* **AVAILABLE DATA**:
§
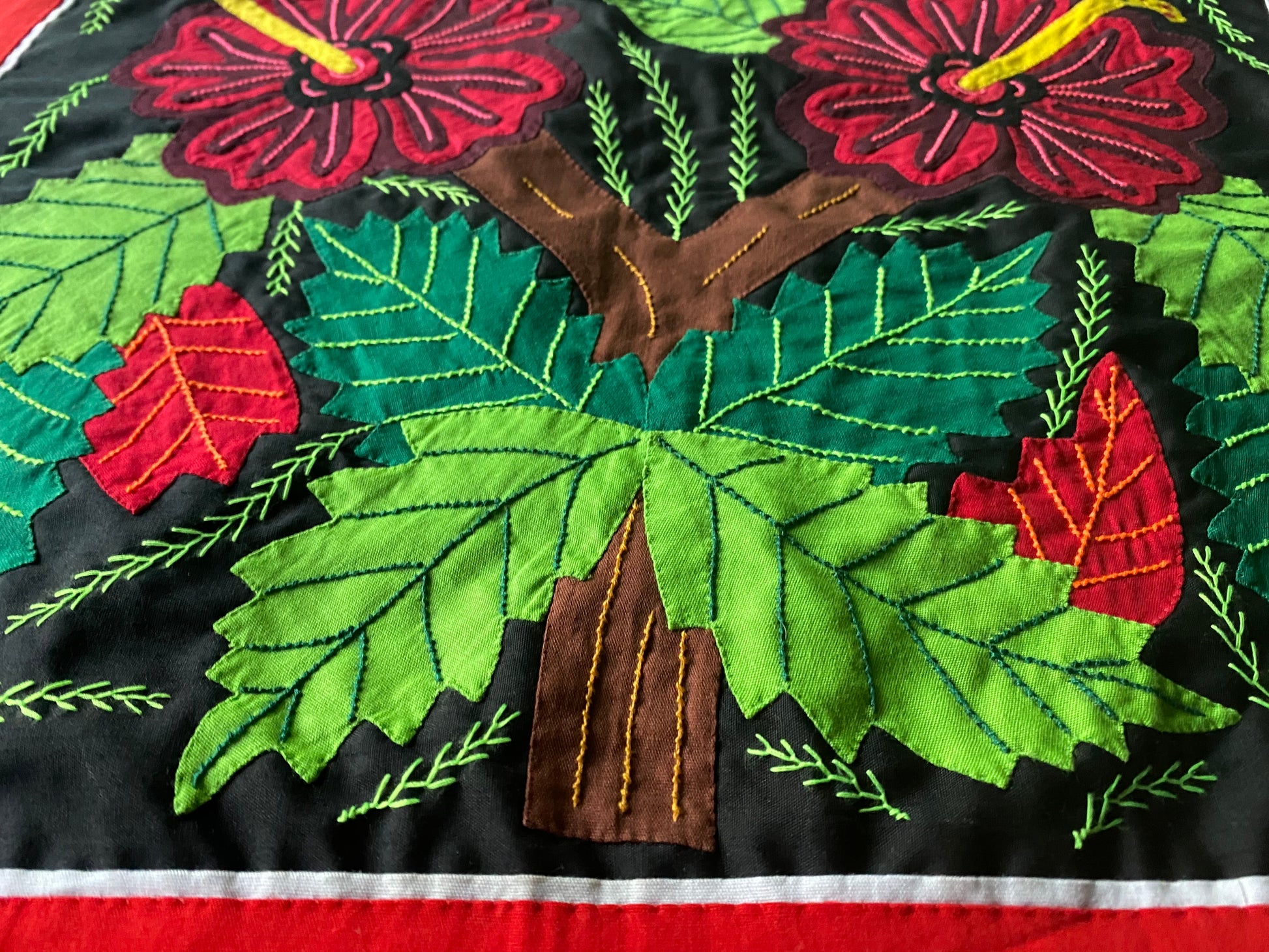 Panama Hibiscus Mola Close Up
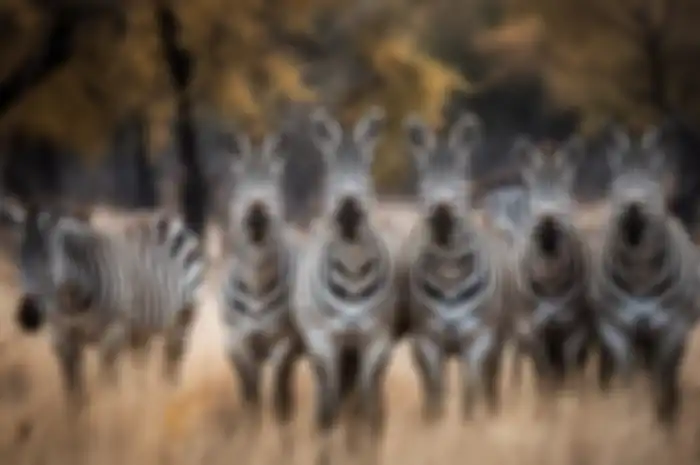 Zebra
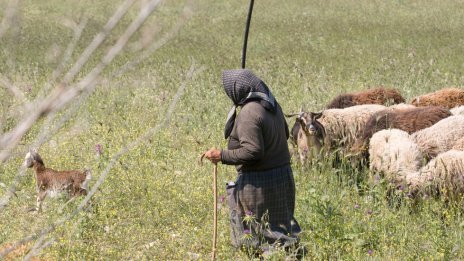 Издирват възрастна жена, изчезнала в Средна гора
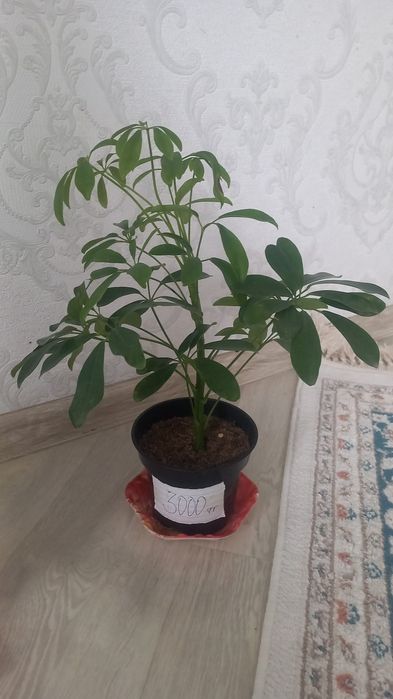 Комнатние растения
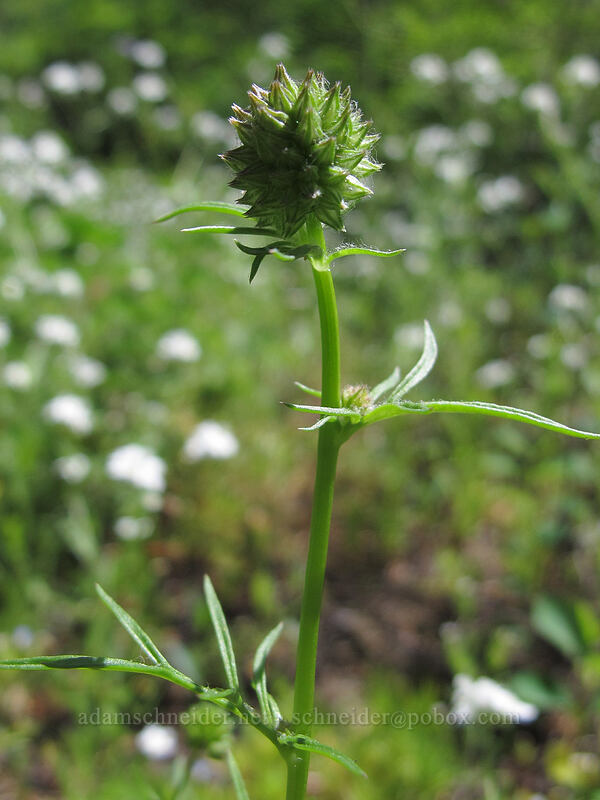 blue-head gilia, budding (Gilia capitata) [Grassy Knoll Trail, Gifford Pinchot National Forest, Skamania County, Washington]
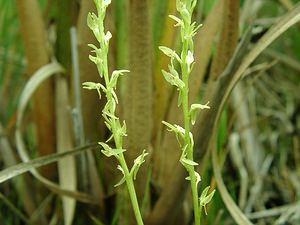 Hammarbya paludosa (Orchidaceae)  - Hammarbya des marais, Malaxis des tourbières, Malaxis à deux feuilles, Malaxide des marais, Malaxis des marais - Bog Orchid Turnhout [Belgique] 18/08/2001 - 30m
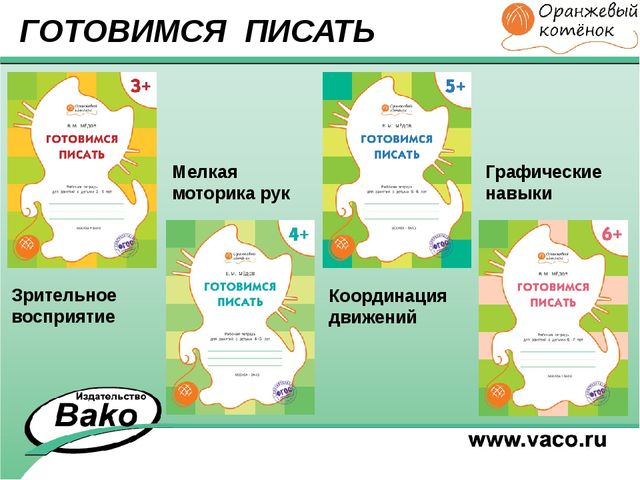 ПРОГРАММА для ДОО "Оранжевый Котенок"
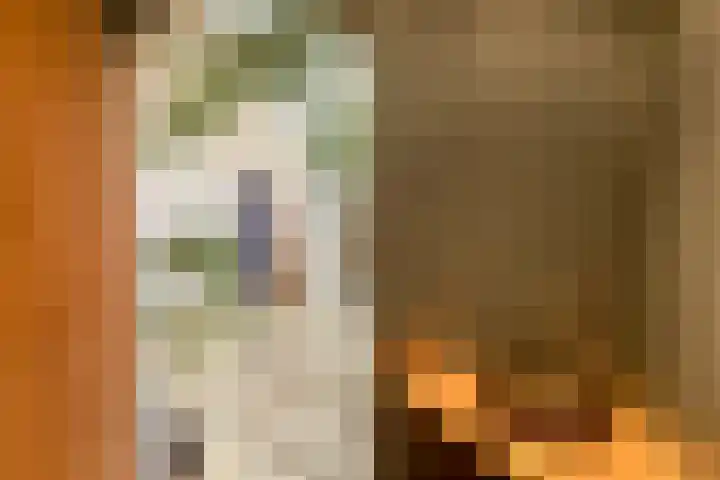 Houtmankade 41 H Amsterdam thumbnail 22
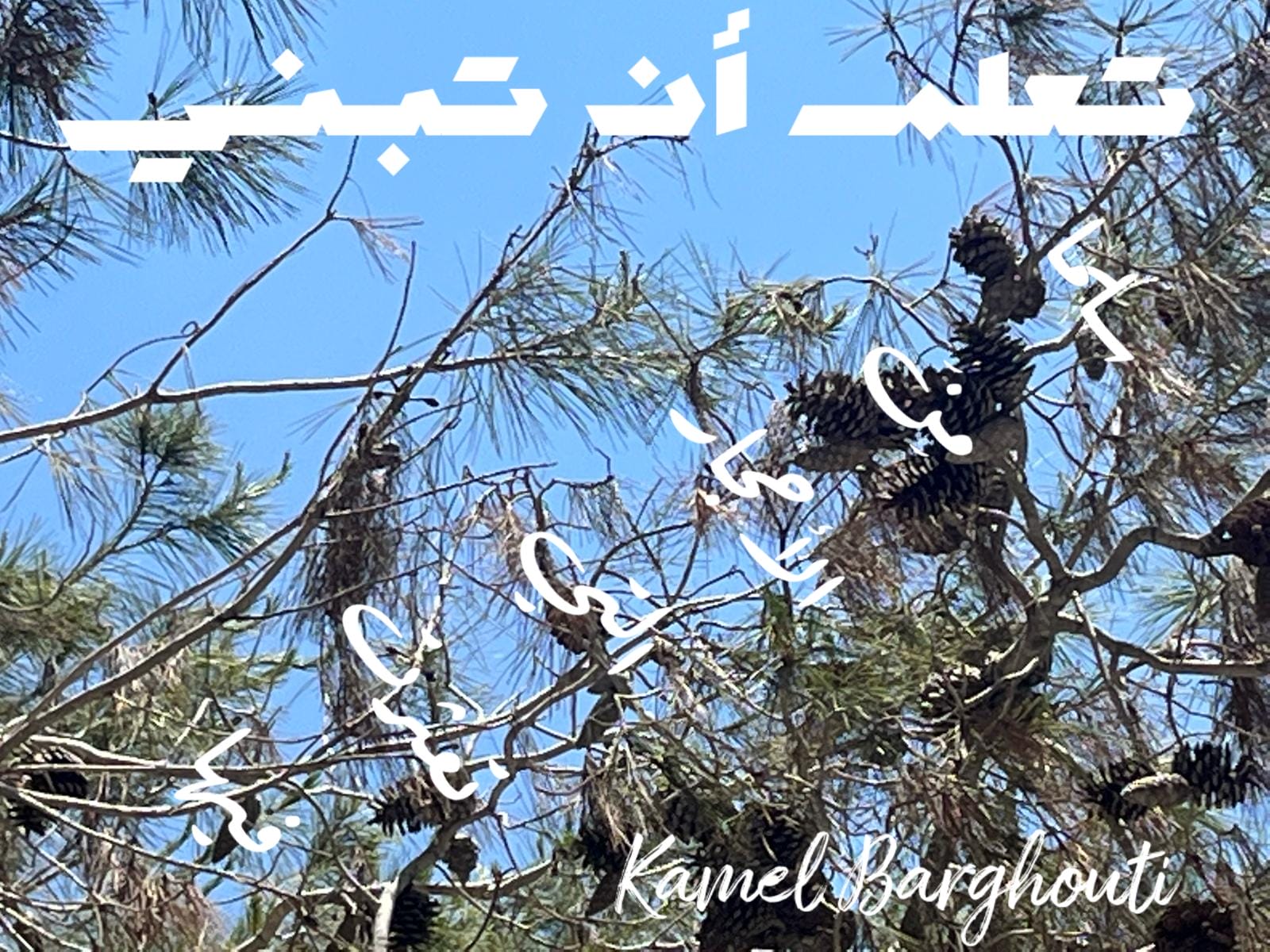 تفاؤل, أمل, وسعادة – اقتباس 329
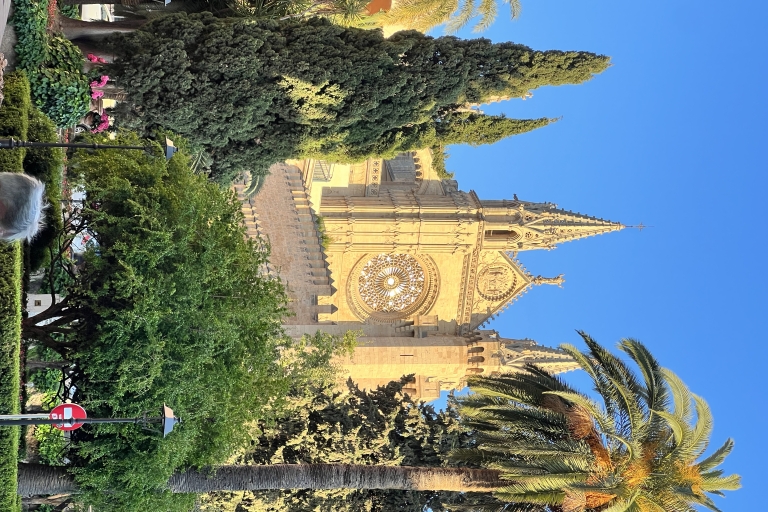Palma: visite guidée à pied avec un auteur local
§
Exactly as written, restate the lines from the one that contains "blue-head gilia, budding" through the final line of the data, both ends included, but leave out the pictures.

* **RESPONSE TO THE EXERCISE**:
 blue-head gilia, budding (Gilia capitata) [Grassy Knoll Trail, Gifford Pinchot National Forest, Skamania County, Washington]
 Hammarbya paludosa (Orchidaceae)  - Hammarbya des marais, Malaxis des tourbières, Malaxis à deux feuilles, Malaxide des marais, Malaxis des marais - Bog Orchid Turnhout [Belgique] 18/08/2001 - 30m
 ПРОГРАММА для ДОО "Оранжевый Котенок"
 Houtmankade 41 H Amsterdam thumbnail 22
 تفاؤل, أمل, وسعادة – اقتباس 329
Palma: visite guidée à pied avec un auteur local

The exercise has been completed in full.